DATASET EXTRACT below:

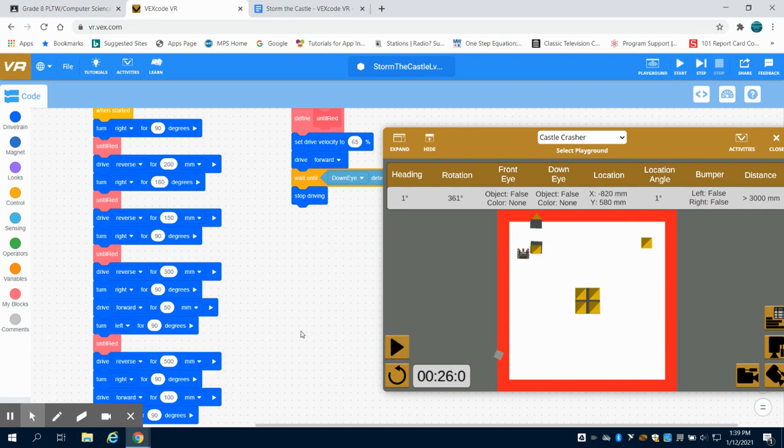So again, we might want to drive in reverse. Let's go 500 millimeters on this one. And let's drive forward maybe 100 to see how that works in our program.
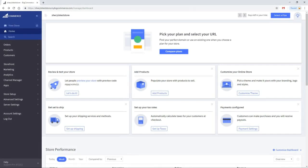The eBay by InkFrog channel is available for the eBay.com US and eBay Motors markets.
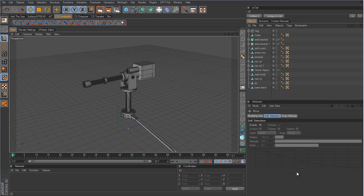We've got the majority of the gun modeled and what we want to do now is start on the rigging. But before we actually start, I want to go over a couple of things so that we can have a better understanding of constraints and how they work, and how we can use the target tag — which is also considered a constraint — in order to rig this gun.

End of DATASET EXTRACT.

* WHAT IS NEEDED: Extract the lines beginning with the one that contains "The eBay by" and ending with the last line of the listing. Keep them exact and drop the pictures.

* RESPONSE TO THE TASK:
The eBay by InkFrog channel is available for the eBay.com US and eBay Motors markets.
We've got the majority of the gun modeled and what we want to do now is start on the rigging. But before we actually start, I want to go over a couple of things so that we can have a better understanding of constraints and how they work, and how we can use the target tag — which is also considered a constraint — in order to rig this gun.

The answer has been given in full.